* Data provided:

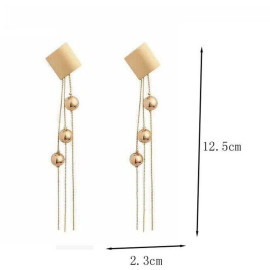 Arihant Gold Plated Long Square Tassel Earrings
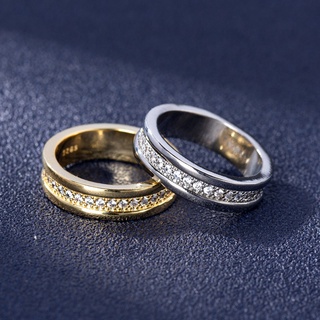 แหวนหมั้นแต่งงาน ประดับเพชรคริสตัล สีเงิน ทอง ไทเทเนียม เครื่องประดับแฟชั่นผู้ชาย และผู้หญิง
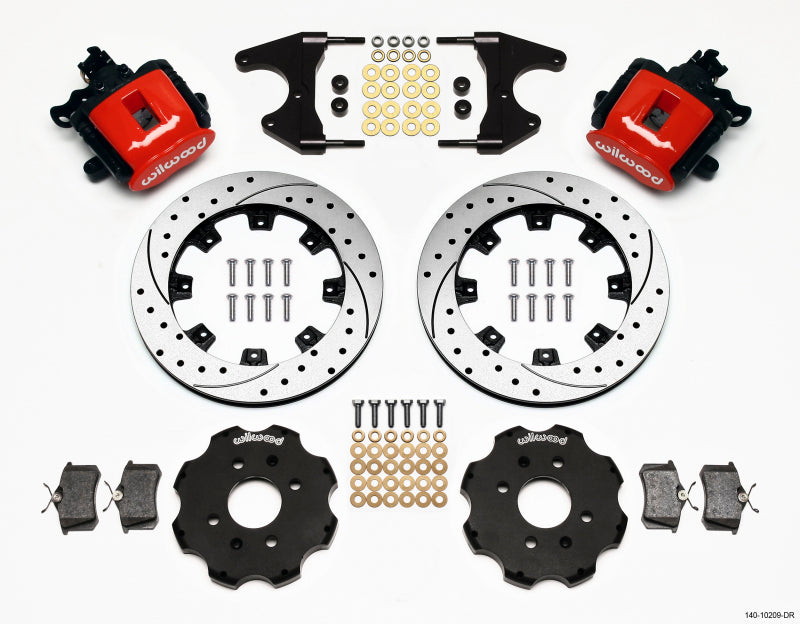Wilwood Combination Parking Brake Rear Kit 12.19in Drilled Red Civic / Integra Drum 2.46 Hub Offset 140-10209-DR 140-10209-DR Photo - Primary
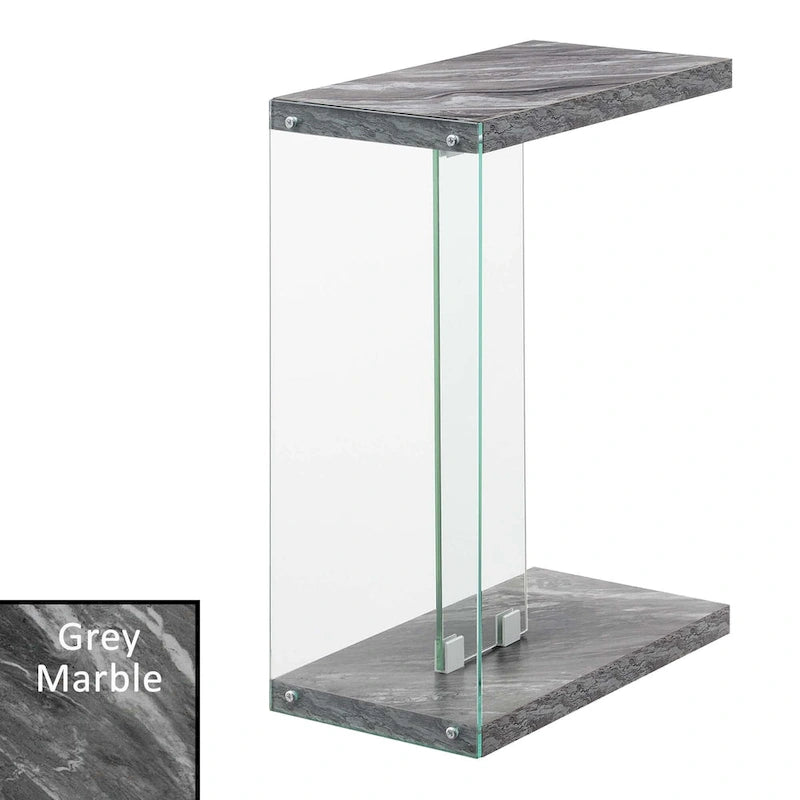 Glass C End Table with 2-Tier Shelves - 6 Finishes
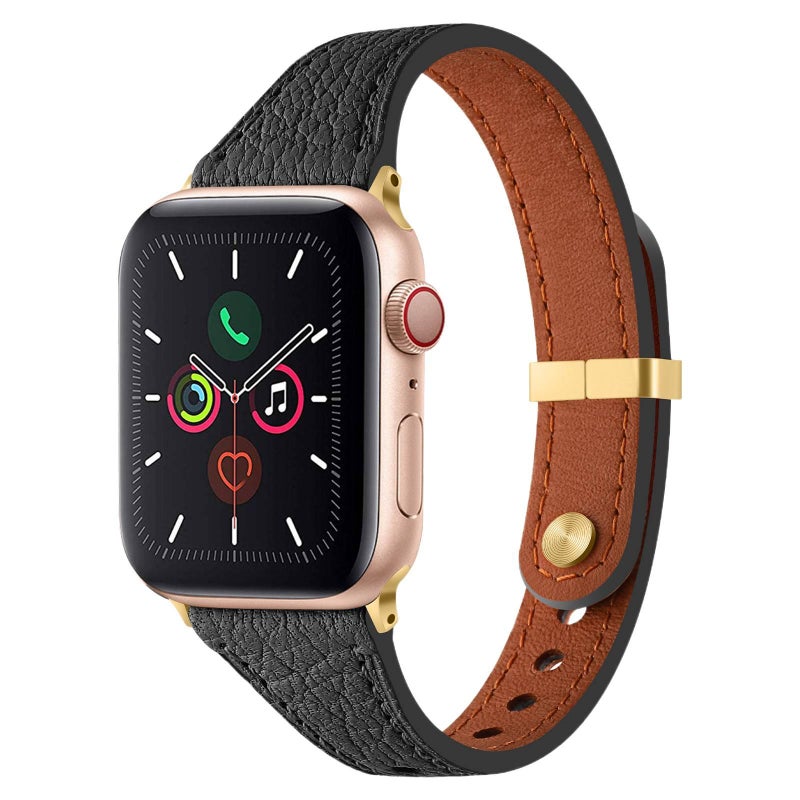 سوار ساعة ذكية باللون أسود قابل للتعديل سوار جلدي كلاسيكي متوافق مع Apple Watch 38/40/41/42/44/45/49mm بملاءمة قابلة للتعديل وحزام بديل - Image 1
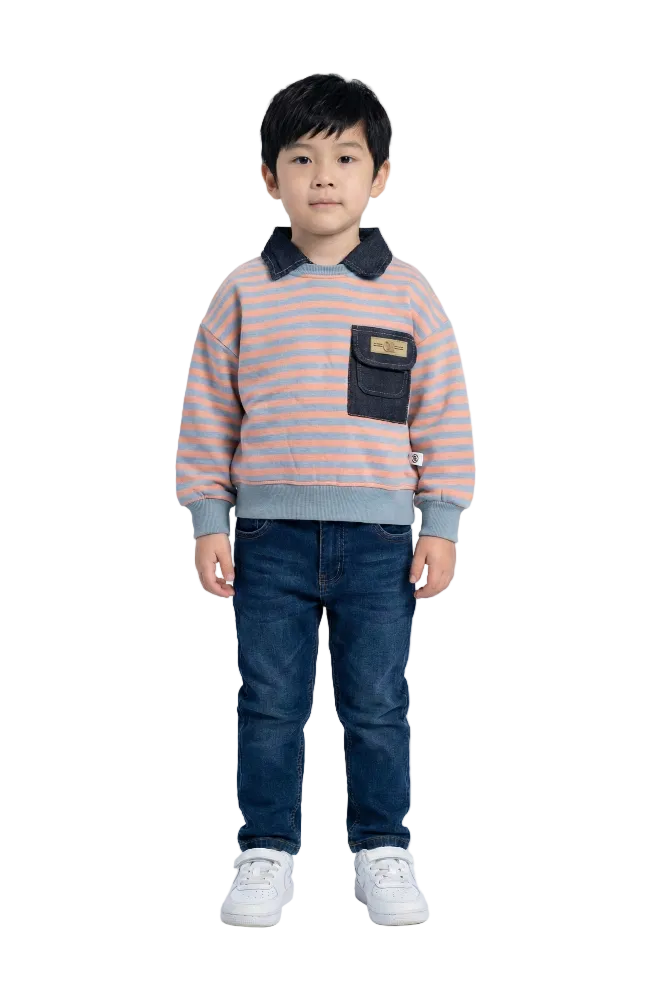 Convertible Denim Collar Striped Pullover Hampp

* Task to carry out: Reproduce the lines from the line containing "Glass C End" through the end of the records above, exactly and inclusively, omitting pictures.

* Answer below:
 Glass C End Table with 2-Tier Shelves - 6 Finishes
 سوار ساعة ذكية باللون أسود قابل للتعديل سوار جلدي كلاسيكي متوافق مع Apple Watch 38/40/41/42/44/45/49mm بملاءمة قابلة للتعديل وحزام بديل - Image 1
 Convertible Denim Collar Striped Pullover Hampp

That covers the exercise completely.